==== Records provided
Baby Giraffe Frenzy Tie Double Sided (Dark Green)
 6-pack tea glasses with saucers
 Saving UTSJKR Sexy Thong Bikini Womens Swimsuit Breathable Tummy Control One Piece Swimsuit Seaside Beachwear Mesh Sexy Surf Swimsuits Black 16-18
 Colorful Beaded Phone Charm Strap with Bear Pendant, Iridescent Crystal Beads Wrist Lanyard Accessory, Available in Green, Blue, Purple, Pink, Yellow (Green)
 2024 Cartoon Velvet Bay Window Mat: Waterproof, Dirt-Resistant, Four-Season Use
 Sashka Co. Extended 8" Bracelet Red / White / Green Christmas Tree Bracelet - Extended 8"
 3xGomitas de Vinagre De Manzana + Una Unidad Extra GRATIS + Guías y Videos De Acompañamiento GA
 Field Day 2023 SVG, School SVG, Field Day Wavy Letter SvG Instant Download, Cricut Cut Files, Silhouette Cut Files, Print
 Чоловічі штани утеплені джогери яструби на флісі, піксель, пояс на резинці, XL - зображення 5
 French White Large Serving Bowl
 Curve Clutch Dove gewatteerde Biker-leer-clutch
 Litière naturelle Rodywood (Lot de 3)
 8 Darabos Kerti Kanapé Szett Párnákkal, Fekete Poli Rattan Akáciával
========
__Work request__. Print only these lines, please. They run from the start of the entries above to the line containing "3xGomitas de Vinagre", both ends included, and must match exactly.

__Result for this exercise__.
Baby Giraffe Frenzy Tie Double Sided (Dark Green)
 6-pack tea glasses with saucers
 Saving UTSJKR Sexy Thong Bikini Womens Swimsuit Breathable Tummy Control One Piece Swimsuit Seaside Beachwear Mesh Sexy Surf Swimsuits Black 16-18
 Colorful Beaded Phone Charm Strap with Bear Pendant, Iridescent Crystal Beads Wrist Lanyard Accessory, Available in Green, Blue, Purple, Pink, Yellow (Green)
 2024 Cartoon Velvet Bay Window Mat: Waterproof, Dirt-Resistant, Four-Season Use
 Sashka Co. Extended 8" Bracelet Red / White / Green Christmas Tree Bracelet - Extended 8"
 3xGomitas de Vinagre De Manzana + Una Unidad Extra GRATIS + Guías y Videos De Acompañamiento GA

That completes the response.